What you need to do:
Repeat the lines below exactly as written, please, from the line with "Green bed with two bedside lamps" to the line with "Borsa shopper in", both lines included, and no others.
***** The data
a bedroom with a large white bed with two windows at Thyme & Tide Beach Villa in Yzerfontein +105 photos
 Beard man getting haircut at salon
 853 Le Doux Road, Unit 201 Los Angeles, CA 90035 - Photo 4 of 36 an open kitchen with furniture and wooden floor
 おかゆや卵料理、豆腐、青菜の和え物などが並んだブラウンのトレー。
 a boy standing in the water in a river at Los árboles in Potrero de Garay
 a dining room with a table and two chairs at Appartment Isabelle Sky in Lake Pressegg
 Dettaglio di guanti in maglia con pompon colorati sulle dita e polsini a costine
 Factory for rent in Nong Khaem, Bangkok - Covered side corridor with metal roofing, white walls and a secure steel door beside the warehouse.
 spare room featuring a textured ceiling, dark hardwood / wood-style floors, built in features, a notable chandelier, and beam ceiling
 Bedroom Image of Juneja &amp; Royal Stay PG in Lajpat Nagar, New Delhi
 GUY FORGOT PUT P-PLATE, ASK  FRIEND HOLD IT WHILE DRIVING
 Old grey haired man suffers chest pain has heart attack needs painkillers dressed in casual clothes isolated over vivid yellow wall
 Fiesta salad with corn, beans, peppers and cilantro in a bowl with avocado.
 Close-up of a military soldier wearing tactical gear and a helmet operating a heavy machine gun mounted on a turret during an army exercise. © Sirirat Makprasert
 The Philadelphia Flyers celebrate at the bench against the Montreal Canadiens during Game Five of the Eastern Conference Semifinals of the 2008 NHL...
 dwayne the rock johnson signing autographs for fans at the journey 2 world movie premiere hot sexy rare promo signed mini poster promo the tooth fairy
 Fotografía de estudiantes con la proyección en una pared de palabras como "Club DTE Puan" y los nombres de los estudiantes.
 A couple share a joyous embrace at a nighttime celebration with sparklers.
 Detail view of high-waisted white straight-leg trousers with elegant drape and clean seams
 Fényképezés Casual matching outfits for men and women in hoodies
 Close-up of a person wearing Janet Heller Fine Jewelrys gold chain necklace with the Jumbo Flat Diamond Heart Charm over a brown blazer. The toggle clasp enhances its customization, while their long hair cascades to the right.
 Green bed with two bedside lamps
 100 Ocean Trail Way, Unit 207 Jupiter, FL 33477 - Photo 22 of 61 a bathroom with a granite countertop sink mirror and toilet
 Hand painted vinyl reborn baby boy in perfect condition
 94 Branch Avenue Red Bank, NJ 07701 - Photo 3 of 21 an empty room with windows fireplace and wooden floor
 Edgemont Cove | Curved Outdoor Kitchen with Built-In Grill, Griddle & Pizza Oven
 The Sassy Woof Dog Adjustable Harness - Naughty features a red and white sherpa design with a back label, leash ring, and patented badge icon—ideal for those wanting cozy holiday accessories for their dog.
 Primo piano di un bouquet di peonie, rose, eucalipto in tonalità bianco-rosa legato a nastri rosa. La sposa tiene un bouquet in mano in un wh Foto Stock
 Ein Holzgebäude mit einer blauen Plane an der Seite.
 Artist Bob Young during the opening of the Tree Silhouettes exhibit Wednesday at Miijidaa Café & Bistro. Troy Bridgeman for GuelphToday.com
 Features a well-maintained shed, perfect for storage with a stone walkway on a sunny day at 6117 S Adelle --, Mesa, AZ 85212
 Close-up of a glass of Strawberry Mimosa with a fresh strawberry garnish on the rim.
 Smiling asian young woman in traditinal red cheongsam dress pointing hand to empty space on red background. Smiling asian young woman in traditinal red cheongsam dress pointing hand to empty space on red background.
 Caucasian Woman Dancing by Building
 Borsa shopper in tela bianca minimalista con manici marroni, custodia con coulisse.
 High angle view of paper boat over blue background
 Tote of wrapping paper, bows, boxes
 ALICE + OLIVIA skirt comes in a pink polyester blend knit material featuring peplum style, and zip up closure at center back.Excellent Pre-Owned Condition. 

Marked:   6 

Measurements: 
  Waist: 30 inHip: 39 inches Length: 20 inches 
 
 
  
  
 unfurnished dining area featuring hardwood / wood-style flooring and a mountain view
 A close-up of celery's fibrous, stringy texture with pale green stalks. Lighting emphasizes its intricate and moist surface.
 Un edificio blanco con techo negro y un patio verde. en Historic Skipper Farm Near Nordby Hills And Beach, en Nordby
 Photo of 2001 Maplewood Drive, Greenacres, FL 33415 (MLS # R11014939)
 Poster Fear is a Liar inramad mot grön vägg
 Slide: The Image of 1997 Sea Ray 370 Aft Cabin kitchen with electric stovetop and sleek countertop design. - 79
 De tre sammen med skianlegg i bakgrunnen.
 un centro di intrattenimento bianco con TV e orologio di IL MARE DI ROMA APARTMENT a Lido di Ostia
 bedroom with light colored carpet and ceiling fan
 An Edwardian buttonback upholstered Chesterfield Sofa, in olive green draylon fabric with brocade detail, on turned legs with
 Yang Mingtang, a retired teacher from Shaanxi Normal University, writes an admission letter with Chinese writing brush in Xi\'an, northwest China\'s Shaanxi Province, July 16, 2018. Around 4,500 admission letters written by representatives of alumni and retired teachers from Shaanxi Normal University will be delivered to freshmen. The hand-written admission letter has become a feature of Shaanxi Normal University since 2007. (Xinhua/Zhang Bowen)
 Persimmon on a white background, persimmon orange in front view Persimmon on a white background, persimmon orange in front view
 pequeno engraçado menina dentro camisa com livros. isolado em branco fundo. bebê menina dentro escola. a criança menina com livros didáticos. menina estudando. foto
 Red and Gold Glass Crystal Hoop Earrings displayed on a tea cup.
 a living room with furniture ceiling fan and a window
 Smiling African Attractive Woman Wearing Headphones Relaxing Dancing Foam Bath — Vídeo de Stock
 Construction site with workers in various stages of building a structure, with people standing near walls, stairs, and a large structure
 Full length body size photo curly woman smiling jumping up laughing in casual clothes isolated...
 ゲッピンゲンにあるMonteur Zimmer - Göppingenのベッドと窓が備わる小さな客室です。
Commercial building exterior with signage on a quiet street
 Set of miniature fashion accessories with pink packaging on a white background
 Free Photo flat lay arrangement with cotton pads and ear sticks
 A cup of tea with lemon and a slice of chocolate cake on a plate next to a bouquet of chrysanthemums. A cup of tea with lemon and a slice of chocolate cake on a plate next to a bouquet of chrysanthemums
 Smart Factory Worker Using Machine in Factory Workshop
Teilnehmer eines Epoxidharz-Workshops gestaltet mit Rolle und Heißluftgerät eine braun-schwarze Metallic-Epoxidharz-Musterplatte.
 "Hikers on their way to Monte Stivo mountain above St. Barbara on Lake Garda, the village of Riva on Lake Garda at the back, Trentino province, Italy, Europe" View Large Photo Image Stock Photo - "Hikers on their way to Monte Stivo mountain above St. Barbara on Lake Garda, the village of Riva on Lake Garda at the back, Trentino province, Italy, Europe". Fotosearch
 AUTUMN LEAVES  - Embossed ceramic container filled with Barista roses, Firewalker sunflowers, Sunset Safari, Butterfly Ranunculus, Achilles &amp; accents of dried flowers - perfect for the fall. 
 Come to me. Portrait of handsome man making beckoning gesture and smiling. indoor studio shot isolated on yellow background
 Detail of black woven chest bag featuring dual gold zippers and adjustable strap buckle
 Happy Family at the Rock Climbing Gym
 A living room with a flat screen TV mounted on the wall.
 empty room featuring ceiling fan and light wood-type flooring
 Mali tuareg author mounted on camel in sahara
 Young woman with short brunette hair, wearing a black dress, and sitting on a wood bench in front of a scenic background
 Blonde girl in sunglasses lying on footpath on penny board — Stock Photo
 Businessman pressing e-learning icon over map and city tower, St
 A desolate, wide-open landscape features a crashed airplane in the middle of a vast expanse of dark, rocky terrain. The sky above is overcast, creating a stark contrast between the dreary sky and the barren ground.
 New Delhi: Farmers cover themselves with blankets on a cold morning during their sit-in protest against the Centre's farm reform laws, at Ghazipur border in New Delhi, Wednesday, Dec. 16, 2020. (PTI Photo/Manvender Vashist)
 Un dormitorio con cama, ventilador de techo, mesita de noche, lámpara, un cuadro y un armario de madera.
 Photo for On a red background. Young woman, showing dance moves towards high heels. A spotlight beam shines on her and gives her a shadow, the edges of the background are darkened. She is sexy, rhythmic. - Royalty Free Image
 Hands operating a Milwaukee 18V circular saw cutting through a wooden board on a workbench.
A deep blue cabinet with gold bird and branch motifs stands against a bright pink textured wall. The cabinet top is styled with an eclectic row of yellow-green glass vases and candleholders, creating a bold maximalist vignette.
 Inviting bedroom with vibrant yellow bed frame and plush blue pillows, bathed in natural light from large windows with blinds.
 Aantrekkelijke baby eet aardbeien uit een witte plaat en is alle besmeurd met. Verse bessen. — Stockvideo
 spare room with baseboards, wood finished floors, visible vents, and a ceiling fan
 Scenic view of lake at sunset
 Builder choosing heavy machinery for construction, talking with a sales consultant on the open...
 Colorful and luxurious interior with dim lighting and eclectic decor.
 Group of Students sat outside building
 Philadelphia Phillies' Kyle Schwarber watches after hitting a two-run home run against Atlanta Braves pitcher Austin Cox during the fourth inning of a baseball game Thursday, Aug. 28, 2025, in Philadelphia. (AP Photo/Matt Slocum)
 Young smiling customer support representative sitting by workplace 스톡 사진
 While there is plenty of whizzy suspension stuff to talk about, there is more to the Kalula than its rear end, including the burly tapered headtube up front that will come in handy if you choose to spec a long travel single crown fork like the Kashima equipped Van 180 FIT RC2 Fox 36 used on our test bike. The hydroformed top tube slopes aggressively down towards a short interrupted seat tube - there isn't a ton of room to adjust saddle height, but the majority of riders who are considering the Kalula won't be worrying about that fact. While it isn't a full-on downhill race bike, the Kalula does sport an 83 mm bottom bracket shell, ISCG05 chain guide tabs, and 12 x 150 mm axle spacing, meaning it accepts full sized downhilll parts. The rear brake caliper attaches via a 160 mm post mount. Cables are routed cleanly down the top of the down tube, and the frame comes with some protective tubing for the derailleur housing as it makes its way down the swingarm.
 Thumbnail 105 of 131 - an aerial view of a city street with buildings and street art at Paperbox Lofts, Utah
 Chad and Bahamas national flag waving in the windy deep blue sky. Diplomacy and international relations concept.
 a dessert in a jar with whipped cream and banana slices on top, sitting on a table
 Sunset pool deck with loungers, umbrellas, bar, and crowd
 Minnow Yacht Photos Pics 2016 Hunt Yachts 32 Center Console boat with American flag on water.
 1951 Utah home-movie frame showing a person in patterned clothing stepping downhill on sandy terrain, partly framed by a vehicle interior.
**********
The completed task:
 Green bed with two bedside lamps
 100 Ocean Trail Way, Unit 207 Jupiter, FL 33477 - Photo 22 of 61 a bathroom with a granite countertop sink mirror and toilet
 Hand painted vinyl reborn baby boy in perfect condition
 94 Branch Avenue Red Bank, NJ 07701 - Photo 3 of 21 an empty room with windows fireplace and wooden floor
 Edgemont Cove | Curved Outdoor Kitchen with Built-In Grill, Griddle & Pizza Oven
 The Sassy Woof Dog Adjustable Harness - Naughty features a red and white sherpa design with a back label, leash ring, and patented badge icon—ideal for those wanting cozy holiday accessories for their dog.
 Primo piano di un bouquet di peonie, rose, eucalipto in tonalità bianco-rosa legato a nastri rosa. La sposa tiene un bouquet in mano in un wh Foto Stock
 Ein Holzgebäude mit einer blauen Plane an der Seite.
 Artist Bob Young during the opening of the Tree Silhouettes exhibit Wednesday at Miijidaa Café & Bistro. Troy Bridgeman for GuelphToday.com
 Features a well-maintained shed, perfect for storage with a stone walkway on a sunny day at 6117 S Adelle --, Mesa, AZ 85212
 Close-up of a glass of Strawberry Mimosa with a fresh strawberry garnish on the rim.
 Smiling asian young woman in traditinal red cheongsam dress pointing hand to empty space on red background. Smiling asian young woman in traditinal red cheongsam dress pointing hand to empty space on red background.
 Caucasian Woman Dancing by Building
 Borsa shopper in tela bianca minimalista con manici marroni, custodia con coulisse.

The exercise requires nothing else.